Not every transcript needs to be settled to be included in a record on appeal. Only transcripts of “proceedings,” i.e., those that contain sworn witness testimony and/or are the recitation of the court’s order (without the order being reduced to writing), need to be settled. Thus, hearing transcripts that involve only attorney argument and colloquy with the judge or hearing officer need not be settled. Additionally, transcripts which were annexed to other documents as exhibits in the trial court do not need to be settled before they become part of the record on appeal.

The 15-day notice
Once a transcript has been ordered and received from a stenographer or court reporter, the appellant is required to serve a copy of the transcript, together with any proposed changes, on the respondent.2 Accompanying the copy of the transcript should be what is termed “the 15-day notice.” Such a notice advises the respondent that he or she has 15 days to make and serve proposed amendments or objections to the transcript, or the transcript will be deemed settled. A sample of such notice is available here.

The stipulation
Usually, when serving the transcript and 15-day notice, it is best to include a cover letter and proposed stipulation to settle the transcript. Essentially, the stipulation agrees that, subject to whatever amendments have been proposed and agreed to by the parties, the transcript may be deemed correct and settled. A sample of such a stipulation is available here.

The affirmation
If the respondent’s attorney does not respond to the 15-day notice or does not propose any amendments during the 15-day period, the appellant’s counsel may execute an Affirmation of Compliance to settle the transcript. This affirmation explains that the attorney complied with the requirement of a 15-day notice pursuant to CPLR § 5525 and no proposed amendments have been provided by the respondent’s counsel during the appropriate time. Upon execution of this affirmation, the transcript is deemed settled. A sample of such an affirmation is available here.

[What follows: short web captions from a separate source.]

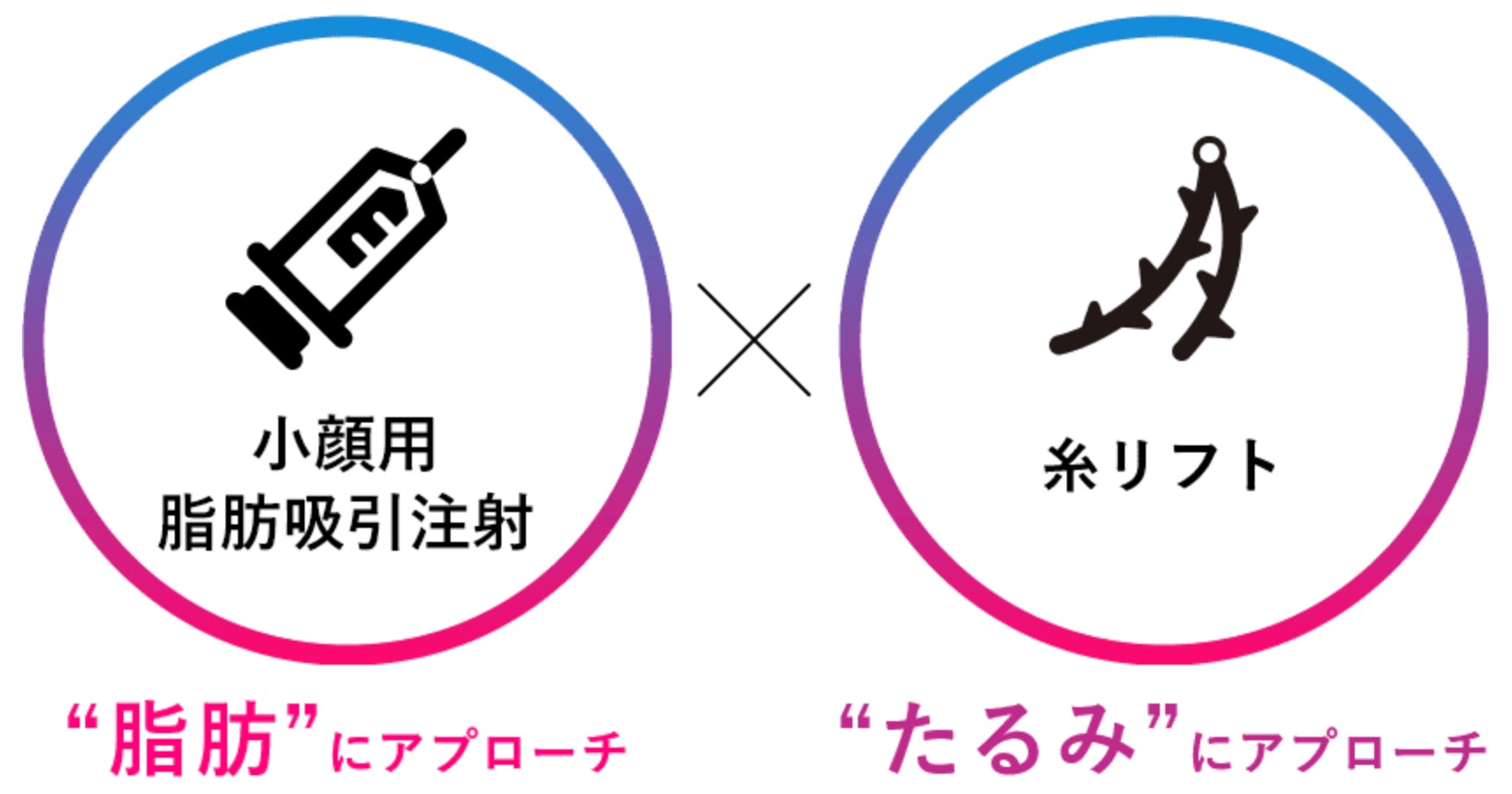 もっと小顔に！『糸＋脂肪吸引注射』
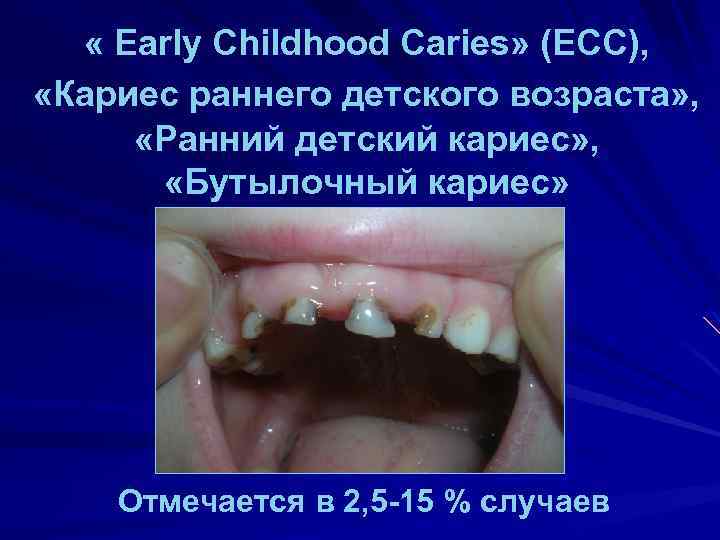  « Early Childhood Caries» (ECC), «Кариес раннего детского возраста» , «Ранний детский кариес»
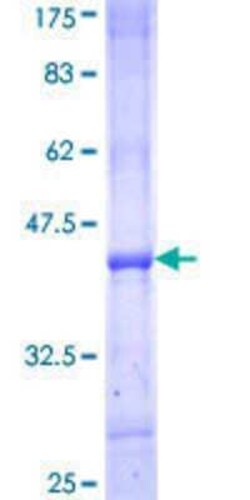 Novus Biologicals Recombinant Human SC65 GST (N-Term) Protein 10 &mu;g | Buy Online | Novus Biologicals&trade; | Fisher Scientific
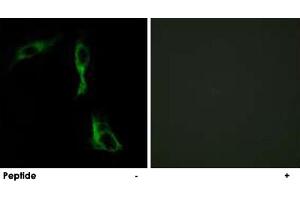 Immunofluorescence analysis of HeLa cells, using ADRA1D polyclonal antibody . (ADRA1D 抗体)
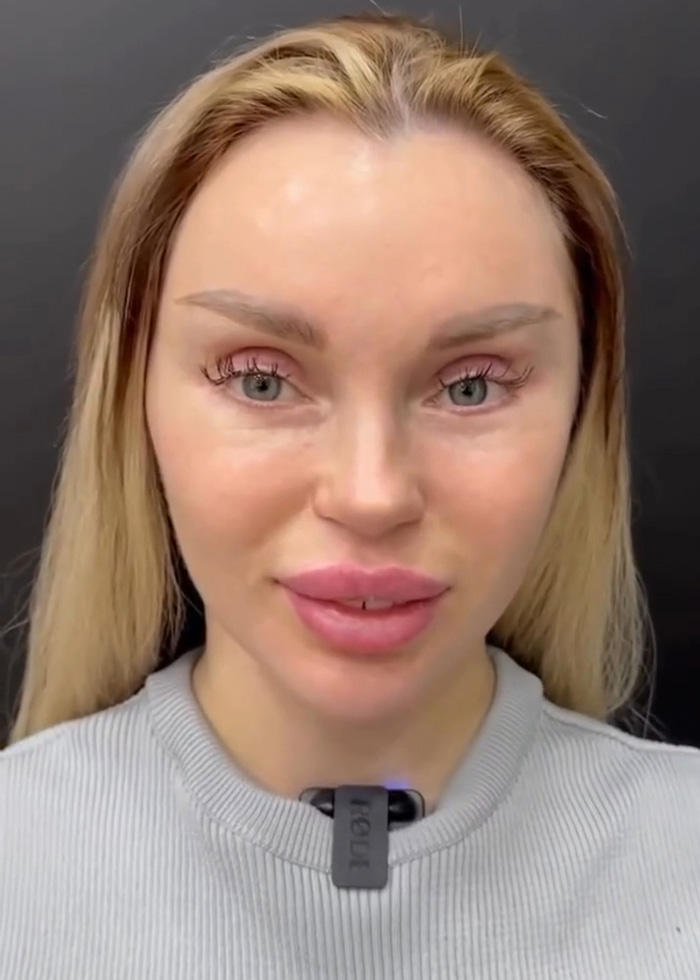 Woman’s Post-Plastic Surgery Photos Divide The Internet As She And Her Surgeon Celebrate The Results Woman’s Post-Plastic Surgery Photos Divide The Internet As She And Her Surgeon Celebrate The Results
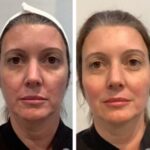 Best Plastic Surgeons in Dubai Thread Lift Procedures offering Personalized Treatment Plans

Be sure to note that only a stipulation or an Affirmation of Compliance is required to settle a transcript, but not both.

If the parties still can’t agree…
Section 5525 of the CPLR provides a procedure for settlement of the transcript in cases where the appellant’s attorney and respondent’s attorney cannot agree to the proposed amendments after service of a 15-day notice. In such cases, the appellant shall, with at least four days’ notice to the adverse party, submit the transcript, proposed amendments and objections to the judge or referee before whom the proceedings were held, and the judge or referee shall settle the transcript.

Keep in mind…
Settling transcripts takes time and some courts will not accept a record on appeal which includes an unsettled transcript. When planning to perfect an appeal, make sure you serve the 15-day notice at least 15 days sooner than you intend to perfect your appeal. If a transcript is not timely settled, it may be necessary to make a motion to enlarge a party’s time to perfect the appeal.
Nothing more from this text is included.